Initially arriving in Folkestone, Kent, the refugees soon moved to be accommodated in towns and villages across the country. These smaller towns and villages included Pershore, Evehsam and surrounding villages, such as Eckington, Fladbury, Elmley Castle, Great Comberton and Defford.
The residents of Pershore and Evesham responded to the news that refugees would be brought to their area in a number of ways. Donations of money, furniture, and even houses were made to accommodate refugee families and a committee was set up to co-ordinate the support and billeting. The grand sum of 33 shillings was successfully raised at a mixed cricket match in Evesham during September 1914; when it was decided that the money taken during the tea break would be donated to the relief fund for the Belgians; various ladies of the town supplied refreshments. Elsewhere in the nearby town of Chipping Campden, a concert was held in aid of Belgium refugees on September 19th 1914, resulting in over £52 being collected for their ‘maintenance’ in the local area.

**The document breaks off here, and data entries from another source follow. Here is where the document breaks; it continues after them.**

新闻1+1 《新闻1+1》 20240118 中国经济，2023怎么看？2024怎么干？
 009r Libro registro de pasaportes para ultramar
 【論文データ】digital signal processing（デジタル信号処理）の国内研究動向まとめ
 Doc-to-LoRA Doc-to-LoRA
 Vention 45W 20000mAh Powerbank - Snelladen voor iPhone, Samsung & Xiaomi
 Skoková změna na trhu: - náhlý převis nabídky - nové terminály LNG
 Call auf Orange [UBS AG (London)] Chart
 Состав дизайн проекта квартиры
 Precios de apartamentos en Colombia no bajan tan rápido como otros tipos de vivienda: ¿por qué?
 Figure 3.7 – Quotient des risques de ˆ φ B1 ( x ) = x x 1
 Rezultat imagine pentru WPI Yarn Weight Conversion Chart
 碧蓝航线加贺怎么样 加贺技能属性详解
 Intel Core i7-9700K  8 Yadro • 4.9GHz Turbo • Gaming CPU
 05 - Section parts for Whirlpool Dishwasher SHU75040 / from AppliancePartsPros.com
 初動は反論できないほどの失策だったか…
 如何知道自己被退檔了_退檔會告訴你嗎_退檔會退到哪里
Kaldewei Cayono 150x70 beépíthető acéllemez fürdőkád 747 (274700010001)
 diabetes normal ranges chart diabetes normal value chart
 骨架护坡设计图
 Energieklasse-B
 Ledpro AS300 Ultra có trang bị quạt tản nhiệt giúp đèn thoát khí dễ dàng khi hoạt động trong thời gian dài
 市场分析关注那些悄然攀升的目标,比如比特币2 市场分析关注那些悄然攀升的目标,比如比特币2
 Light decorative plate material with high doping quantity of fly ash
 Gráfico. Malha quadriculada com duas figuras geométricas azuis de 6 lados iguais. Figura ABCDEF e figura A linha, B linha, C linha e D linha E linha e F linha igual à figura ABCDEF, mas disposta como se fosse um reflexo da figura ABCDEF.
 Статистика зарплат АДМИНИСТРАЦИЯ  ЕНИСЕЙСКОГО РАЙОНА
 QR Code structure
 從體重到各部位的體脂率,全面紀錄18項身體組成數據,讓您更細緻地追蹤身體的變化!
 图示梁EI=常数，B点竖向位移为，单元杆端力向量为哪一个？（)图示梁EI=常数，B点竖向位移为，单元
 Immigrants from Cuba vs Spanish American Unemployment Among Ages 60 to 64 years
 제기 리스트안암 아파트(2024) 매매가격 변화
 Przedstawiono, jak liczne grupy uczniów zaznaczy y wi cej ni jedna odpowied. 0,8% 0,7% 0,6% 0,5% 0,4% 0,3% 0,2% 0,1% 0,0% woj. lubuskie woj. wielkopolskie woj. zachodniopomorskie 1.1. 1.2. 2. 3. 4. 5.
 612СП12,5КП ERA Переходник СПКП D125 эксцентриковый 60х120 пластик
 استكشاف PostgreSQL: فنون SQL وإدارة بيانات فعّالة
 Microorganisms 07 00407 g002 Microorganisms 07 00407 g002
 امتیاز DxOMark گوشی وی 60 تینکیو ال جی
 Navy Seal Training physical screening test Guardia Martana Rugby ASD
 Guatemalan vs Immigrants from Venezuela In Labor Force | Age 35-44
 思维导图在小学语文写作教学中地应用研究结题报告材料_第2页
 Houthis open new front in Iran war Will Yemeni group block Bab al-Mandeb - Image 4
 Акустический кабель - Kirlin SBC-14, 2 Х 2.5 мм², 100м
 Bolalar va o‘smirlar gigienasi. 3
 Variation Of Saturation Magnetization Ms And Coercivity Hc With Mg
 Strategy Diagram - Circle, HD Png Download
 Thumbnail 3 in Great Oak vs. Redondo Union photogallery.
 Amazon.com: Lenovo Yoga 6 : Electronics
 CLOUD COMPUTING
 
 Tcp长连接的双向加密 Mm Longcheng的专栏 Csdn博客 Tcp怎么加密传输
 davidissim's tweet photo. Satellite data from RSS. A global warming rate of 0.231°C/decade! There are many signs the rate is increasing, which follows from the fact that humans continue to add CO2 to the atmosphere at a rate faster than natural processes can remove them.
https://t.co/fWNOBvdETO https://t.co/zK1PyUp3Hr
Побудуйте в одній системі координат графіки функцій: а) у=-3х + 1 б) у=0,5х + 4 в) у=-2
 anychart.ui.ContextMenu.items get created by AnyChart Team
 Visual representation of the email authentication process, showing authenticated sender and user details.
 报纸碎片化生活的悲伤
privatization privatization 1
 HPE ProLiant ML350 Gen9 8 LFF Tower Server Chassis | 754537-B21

In Spring 1915, the Chairman of the Belgian Refugee Committee recorded the sums collected to provide aid totalled £891 2s 8d over six months. £676 15s 3d was accumulated by the many local villages who agreed to pay weekly subscriptions to financially support the 45 refugees under the care of the committee. School log books recorded that local school children were also helping ‘needy Belgium refugees’; following a talk on the plight of the Belgians, St Mary’s C of E School in Hanley Castle knitted blankets and held a school fete which raised £1. 15. 10. for the Belgium Relief Fund.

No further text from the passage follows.